Quand on y pense, il n'a pas tort, Jamel Debbouze : « Un Arabe à la tête du musée du Louvre, ça fait rêver... mais quelle utopie ! » Il a lâché ça un soir de mai où l'on fêtait le mariage de la culture et de la diversité, sur la scène du Théâtre du Rond-Point, à Paris. Tout ce que la République compte d'huiles politiques – Jacques Chirac, Xavier Darcos, Rachida Dati, Michel Barnier, Fadela Amara – faisait brochette au premier rang. Jamel a rajouté le vinaigre. Parce que la France – et d'abord ses élus – a beau répéter depuis trente ans que la lutte contre les inégalités devant le savoir et la culture est une priorité, elle échoue, réforme après réforme, à combler l'écart entre une « élite » majoritairement issue des classes aisées et des élèves en difficulté venant des familles les plus démunies. Le verdict est sans appel : « Le poids de l'origine sociale des élèves sur leurs performances est près de deux fois plus fort en France qu'en Islande, en Finlande ou en Corée du Sud, expliquent les sociologues Christian Baudelot et Roger Establet dans L'Elitisme républicain.
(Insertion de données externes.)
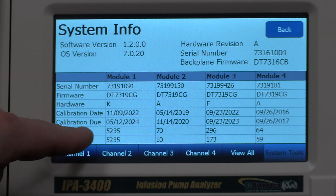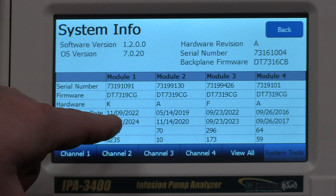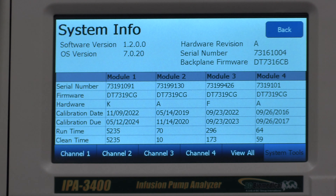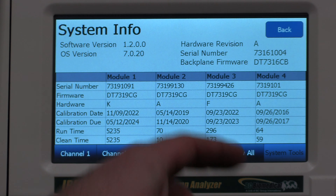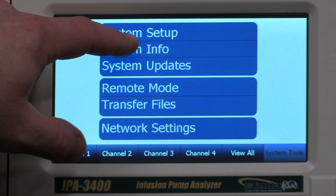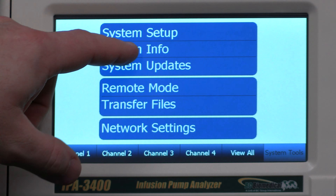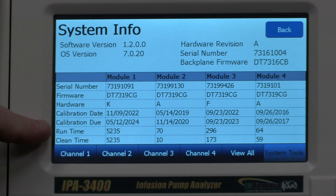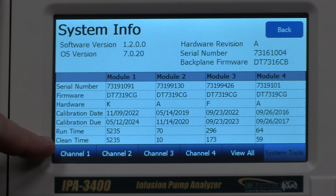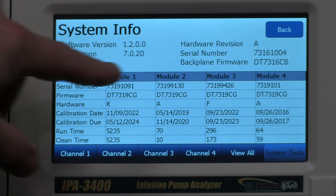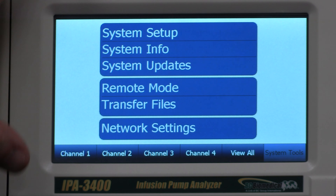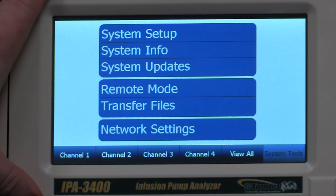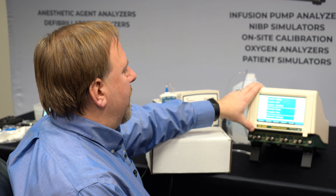Those are the system tools that are available. For the system information screen, this displays our calibration due date. When we need to send a unit back, we can go to this screen and see which units are due for calibration and which ones should be sent back. That's also where we can see how much each module has been used and when it was last cleaned.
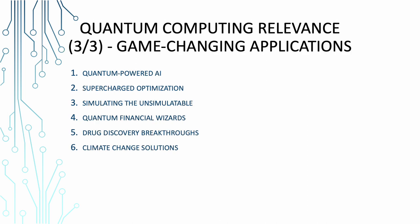Now quantum computing is the game-changing applications. Alright, let's wrap up our quantum impact trilogy with the grand finale. Game-changing applications. Quantum computing isn't just for rocket scientists. It's for computer geeks like us. Quantum-powered AI. Imagine AI on steroids. Quantum computing turbocharges machine learning algorithms, making AI smarter, faster. It's like upgrading your pet goldfish into a dolphin with quantum air goggles. Supercharged optimization. Remember those tricky optimization problems that take ages to solve? Quantum computers can cut through the complexity like a hot knife through butter. It's like solving a Rubik's cube in nanoseconds.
Les enfants d'origine populaire sont davantage pénalisés à l'école en France que dans d'autres pays. »

Sait-on que les fils et filles de cadres supérieurs ont 2,9 fois plus de chances que les enfants d'ouvriers d'avoir le

 

 bac et huit fois plus d'obtenir un bac S ? Qu'ils sont quatre fois plus représentés à l'Ecole nationale d'administration (ENA) qu'ils ne le sont dans la population active – et les enfants d'ouvriers huit fois moins ? Que 84 % des élèves des sections pour jeunes en difficulté au collège sont issus des catégories sociales défavorisées ? Oui, on sait tout cela : il y a quarante-cinq ans, Pierre Bourdieu et Jean-Claude Passeron soulignaient déjà, dans Les Héritiers, le rôle primordial de l'origine sociale dans la réussite des étudiants. Quatre décennies plus tard, l'école républicaine n'a toujours pas mis fin à la ségrégation sociale. Un fiasco que Carole Diamant, professeur de philosophie au lycée Auguste-Blanqui de Saint-Ouen et pionnière des fameuses conventions que Sciences-Po a passées avec les lycées des Zones d'éducation prioritaire (ZEP), a du mal à digérer : « C'était une belle idée, l'école républicaine égalitaire de Jules Ferry... mais une idée faite pour la société qui l'a vue naître, à la fin du XIXe siècle. La société a changé, l'école n'a pas suivi. Aujourd'hui, elle fait encore semblant de croire à l'égalité des enfants, mais je n'y crois plus. Car elle produit la pire des attitudes discriminatoires : la discrimination des enfants à 5 ans, à 7 ans ! » C'est vrai : les écarts de niveau scolaire suivant l'origine sociale sont déjà importants à l'entrée au CE2.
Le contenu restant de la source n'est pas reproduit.